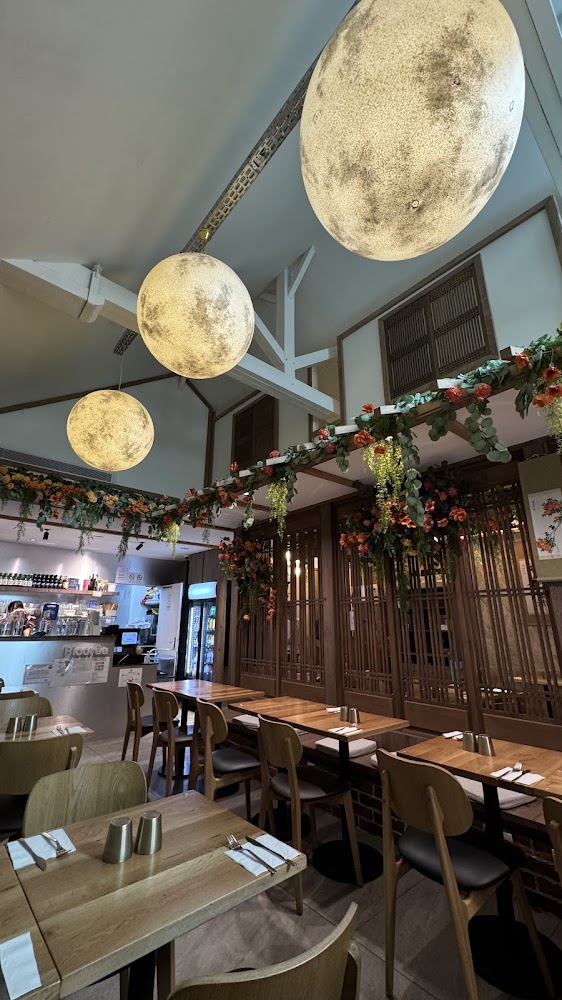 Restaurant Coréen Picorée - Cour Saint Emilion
---
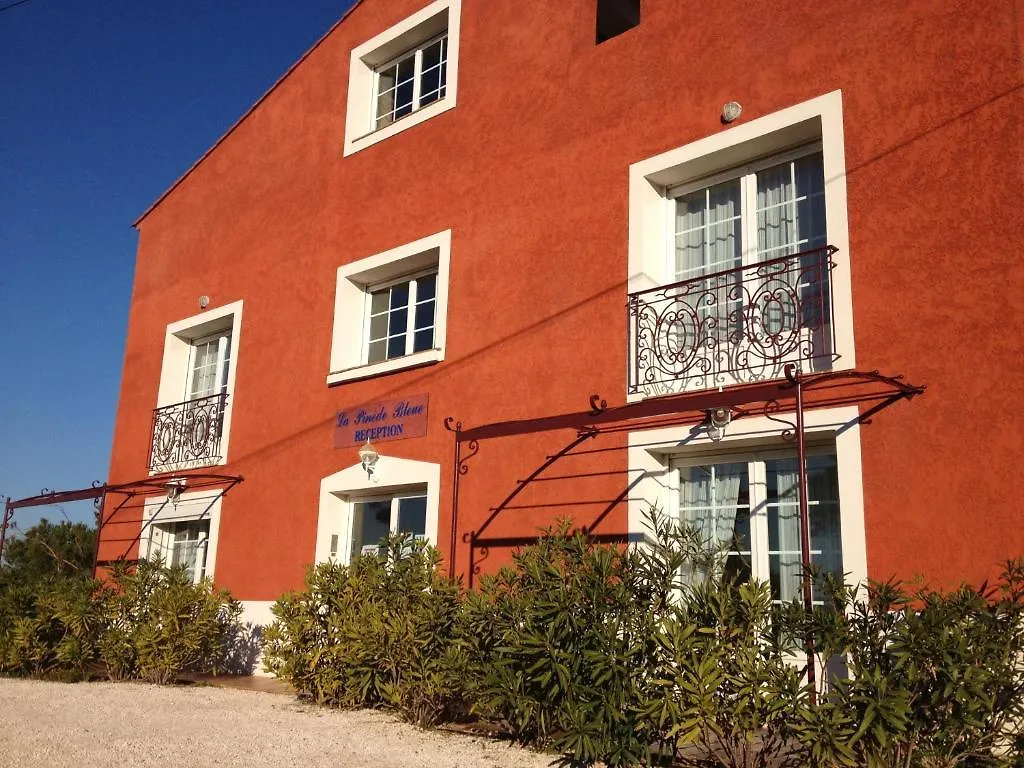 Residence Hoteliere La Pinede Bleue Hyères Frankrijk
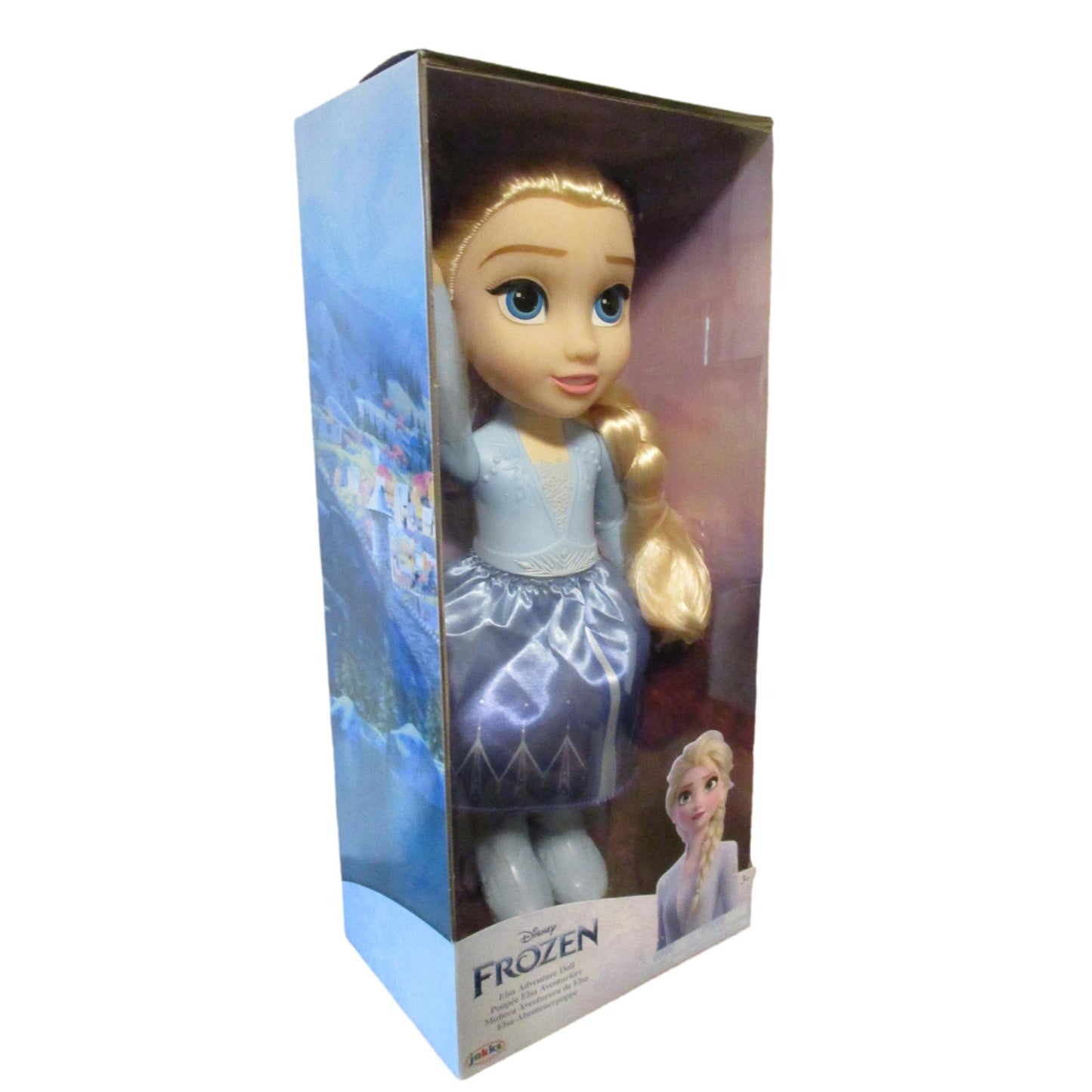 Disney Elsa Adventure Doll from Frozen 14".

• _Exercise goal_: Above are some records; extract exactly the lines from the one containing "Residence Hoteliere La" through the one containing "Disney Elsa Adventure" and drop the pictures.

• _Solution for this problem_:
 Residence Hoteliere La Pinede Bleue Hyères Frankrijk
 Disney Elsa Adventure Doll from Frozen 14".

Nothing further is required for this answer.